> Assignment
Copy each line below word for word and drop every image.

> Given information
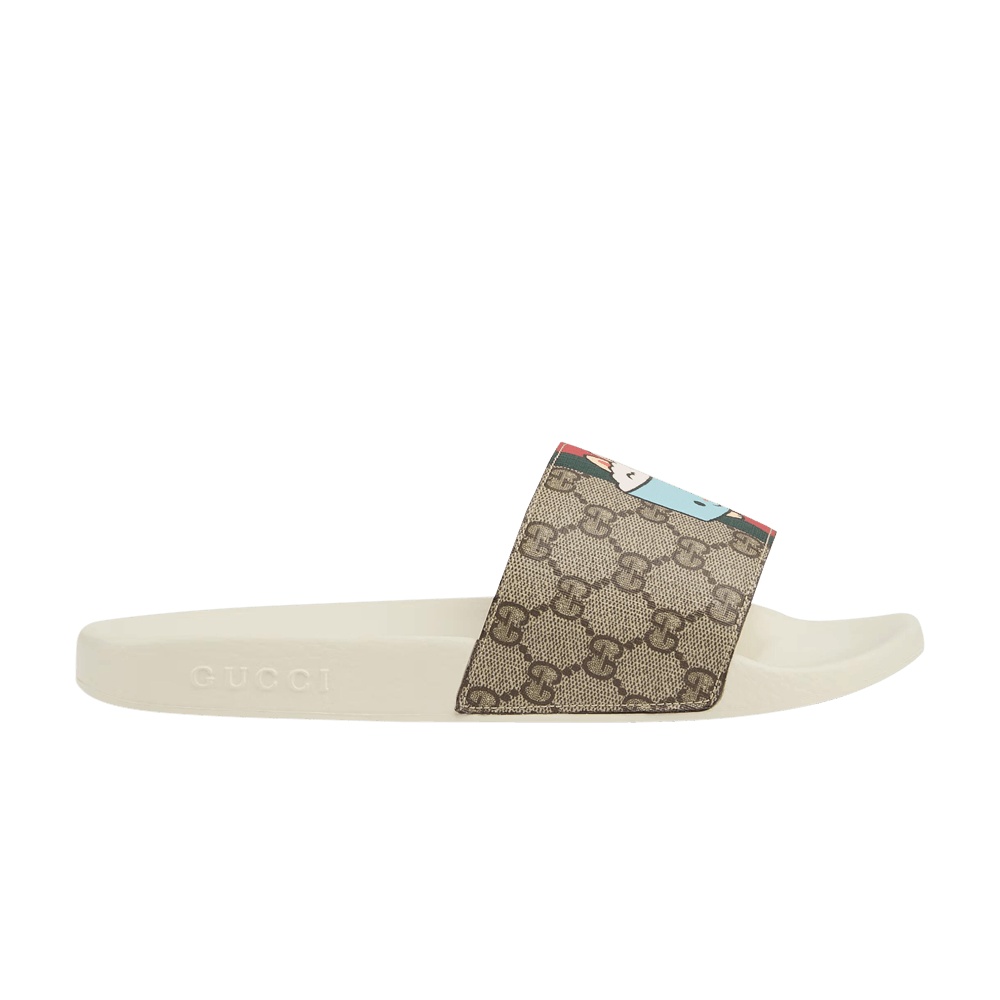 Gucci Animal Web Slides 'Beige'
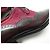 CHAUSSURES CORTHAY WILFRID 8 42 RICHELIEU EN CUIR ET DAIM BORDEAUX SHOES - vue 7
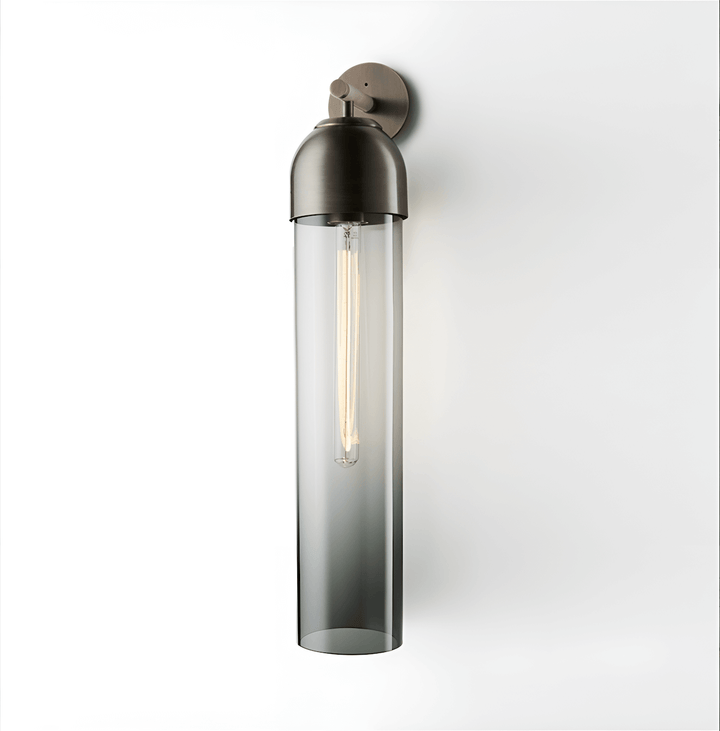 Szklana lampa ścienna Art Deco w sypialni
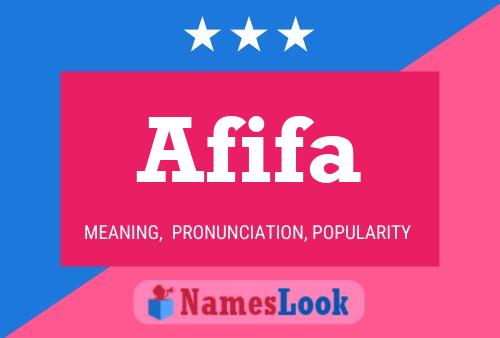 Afifa Name Poster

> Task output
 Gucci Animal Web Slides 'Beige'
 CHAUSSURES CORTHAY WILFRID 8 42 RICHELIEU EN CUIR ET DAIM BORDEAUX SHOES - vue 7
 Szklana lampa ścienna Art Deco w sypialni
 Afifa Name Poster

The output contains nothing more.